Save the leak report as memleak.txt, the feed it to the script:
cat memleak.txt |./scripts/decode_stacktrace.sh vmlinux . mm/
The script translating offset to line number by using addr2line, make sure enable
CONFIG_DEBUG_INFO option to build kernel with debug info.
Use echo scan > /sys/kernel/debug/kmemleak to trigger memory scan and echo
clear > /sys/kernel/debug/kmemleak to clear current leak info.
KASAN
Kernel Address SANitizer(aka KASAN) is the kernel space address sanitizer, which
can be enabled by config option CONFIG_KASAN, there are two different compiler
instrumentations: CONFIG_KASAN_INLINE and CONFIG_KASAN_OUTLINE, personally I
recommend the former one, because it is 1.1 - 2 times faster, although, it produces
fairly large kernel image(39MB with DEBUG_INFO enabled), which may overlaps ramdisk
image, change ramdisk load address to followkernel to avoid boot issue with newly
built kernel, here is my KASAN configurations:
+CONFIG_DEBUG_INFO=y
+CONFIG_KASAN=y
+CONFIG_KASAN_INLINE=y
+CONFIG_TEST_KASAN=m
KASAN can be disabled on file or directory basis, take a look at mm/Makefile
and mm/kasan/Makefile for example:
# grep KASAN_SANITIZE mm/kasan/Makefile mm/Makefile
KASAN_SANITIZE := n
KASAN_SANITIZE_slab.o := n
With KASAN feature enabled, kernel will print following message at the very first stage, indicates KASAN was initialized:
[ 0.000000] kasan: KernelAddressSanitizer initialized
Linux kernel comes with an example in lib/test_kasan.c showing what kind of
memory bugs can be detected by KASAN, here is part of the report when doing insmod
test_kasan.ko:
[ 2237.155888] kasan test: kmalloc_oob_right out-of-bounds to right
[ 2237.162114] ==================================================================
[ 2237.169513] BUG: KASAN: slab-out-of-bounds in kmalloc_oob_right+0x90/0xc8 [test_kasan]

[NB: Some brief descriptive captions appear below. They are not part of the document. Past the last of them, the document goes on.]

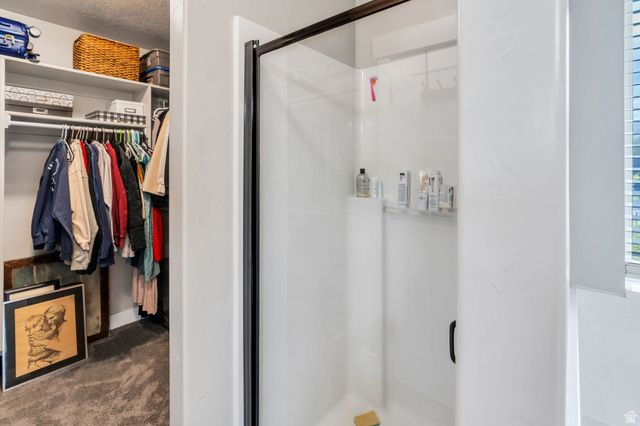 834 W 375 N, Springville, UT 84663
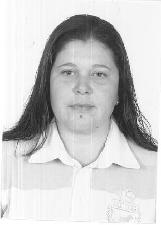 Foto de DEBORA ALEXANDRA DISCHER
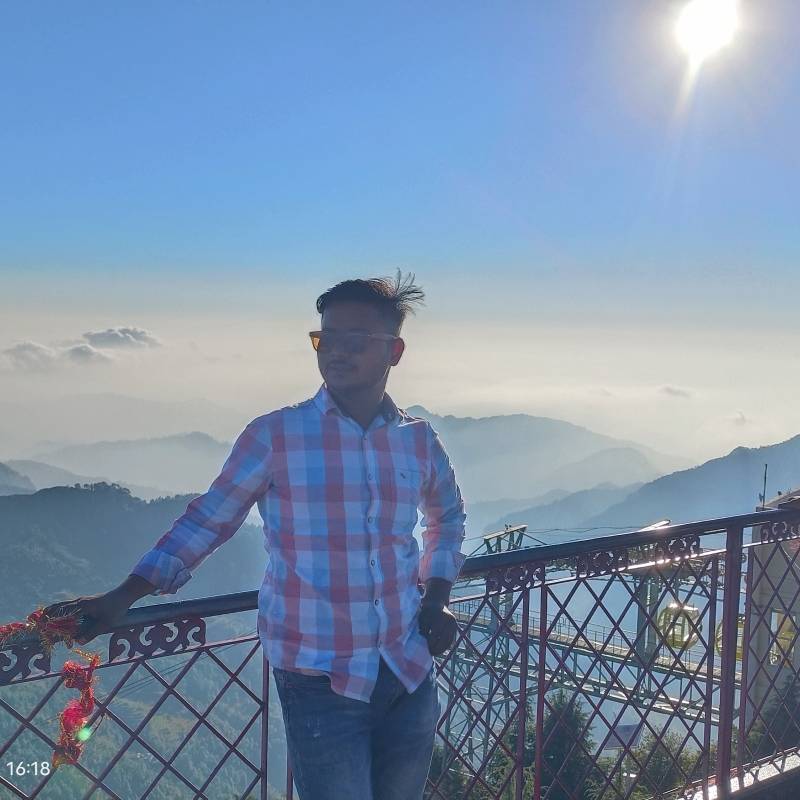https://allsingleads.com dating Lakhan in India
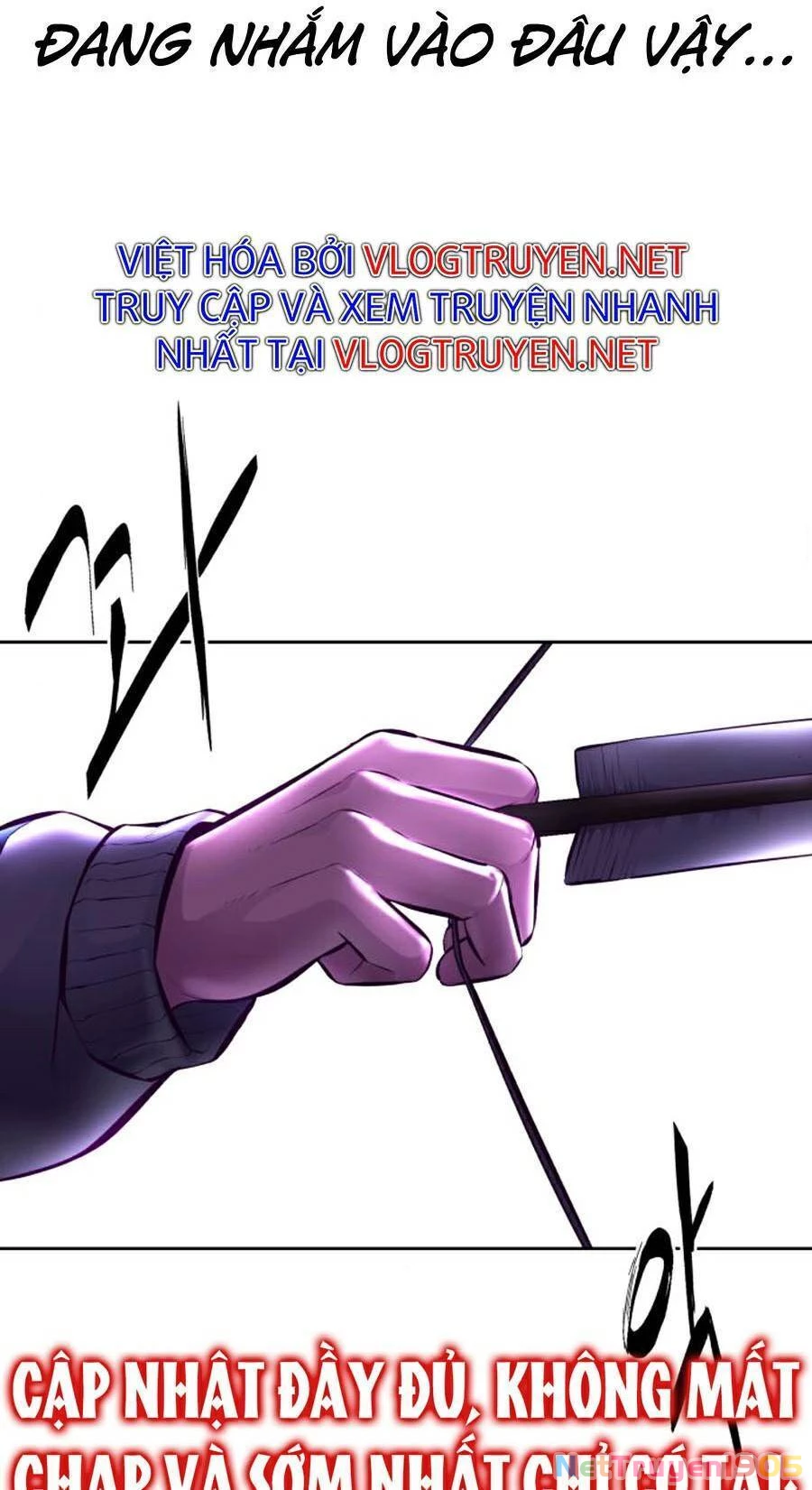 Cậu Bé Của Thần Chết Chapter 134 - 116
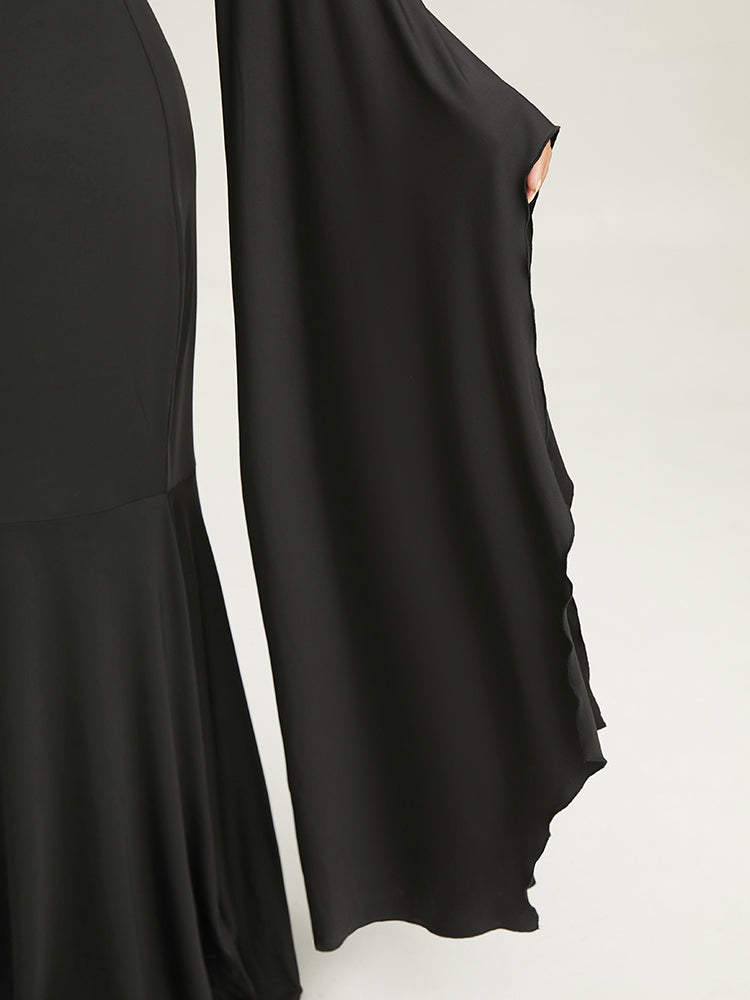 a414ebb4-5993-4f73-9f27-7692cb6a0ab6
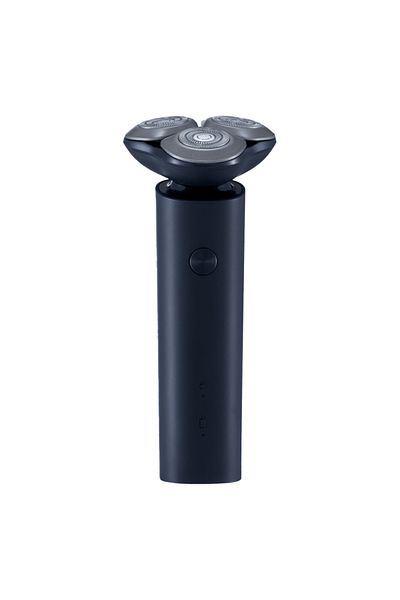Xiaomi Mi Home Electric Shaver S101 BHR7465GL - Black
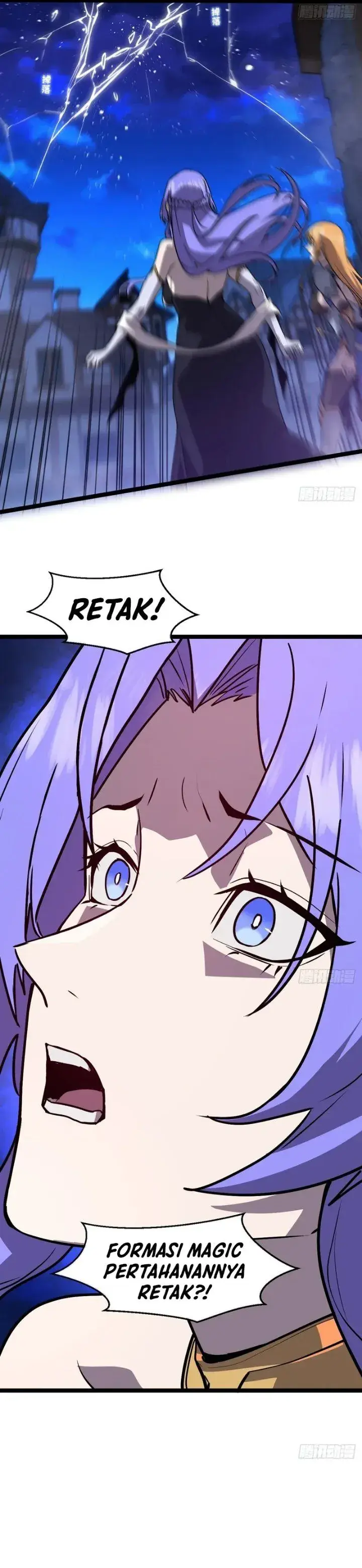 image-komik-im-really-not-a-demon-beast-chapter-12-37/44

[ 2237.177567] Write of size 1 at addr ffffffd92cd1077b by task insmod/1472
[ 2237.184379]
[ 2237.185917] CPU: 3 PID: 1472 Comm: insmod Tainted: G B 4.14.129-v8+ #27
[ 2237.193789] Hardware name: Raspberry Pi 3 Model B Plus Rev 1.3 (DT)
[ 2237.200163] Call trace:
[ 2237.202678] [<ffffffa256e943e0>] dump_backtrace+0x0/0x428
[ 2237.208183] [<ffffffa256e9482c>] show_stack+0x24/0x30
[ 2237.213333] [<ffffffa2584baa9c>] dump_stack+0xac/0xe8
[ 2237.218487] [<ffffffa257284ac0>] print_address_description+0x68/0x278
[ 2237.225043] [<ffffffa257284fd0>] kasan_report+0x228/0x308
[ 2237.230548] [<ffffffa257285220>] __asan_report_store1_noabort+0x30/0x40
[ 2237.237322] [<ffffff9001708420>] kmalloc_oob_right+0x90/0xc8 [test_kasan]
[ 2237.244269] [<ffffff90017096b8>] kmalloc_tests_init+0x18/0x960 [test_kasan]
[ 2237.251363] [<ffffffa256e84d2c>] do_one_initcall+0xac/0x268
[ 2237.257043] [<ffffffa25704675c>] do_init_module+0x198/0x4e4
[ 2237.262719] [<ffffffa25704304c>] load_module+0x534c/0x6ff0
[ 2237.268307] [<ffffffa2570450d0>] SyS_finit_module+0x128/0x140
[ 2237.274155] Exception stack(0xffffffd912dd7ec0 to 0xffffffd912dd8000)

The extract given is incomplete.